TURK TURON said: "But over forty state Attorney’s General are expected to sign on to Amicus briefs declaring that their state constitutions DO protect an individual right to keep and bear arms."
Sir, PLEASE post a source for this statement!
TURK TURON said: "But over forty state Attorney’s General are expected to sign on to Amicus briefs declaring that their state constitutions DO protect an individual right to keep and bear arms."
I don't think a state attorney general has the power or the authority to nulify a state constitutional right.
The first amendment says "Congress shall make no law......." thereby defining just exactly whom is prohibited from truncating or eliminating a right.

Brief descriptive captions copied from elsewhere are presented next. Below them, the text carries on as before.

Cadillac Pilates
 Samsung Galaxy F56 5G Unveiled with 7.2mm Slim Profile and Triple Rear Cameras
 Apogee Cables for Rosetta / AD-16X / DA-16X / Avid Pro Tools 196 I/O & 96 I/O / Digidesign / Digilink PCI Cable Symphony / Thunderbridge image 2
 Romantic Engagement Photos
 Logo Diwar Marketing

The second makes no such delineation saying "....shall not be infringed.", thereby making it clear that no entity may trespass the particular right addressed therein.
It can't be any more clear than that. The founders intended that no one, no level of government, nor court can infringe on the right of the people to keep and bear arms. unlike the first amendment where they named who "....shall make no law."
Don't read it... It'll only ruin your weekend.
How do these guys look at themselves in the mirror after stringing together such an incomprehensible stream of horse manure.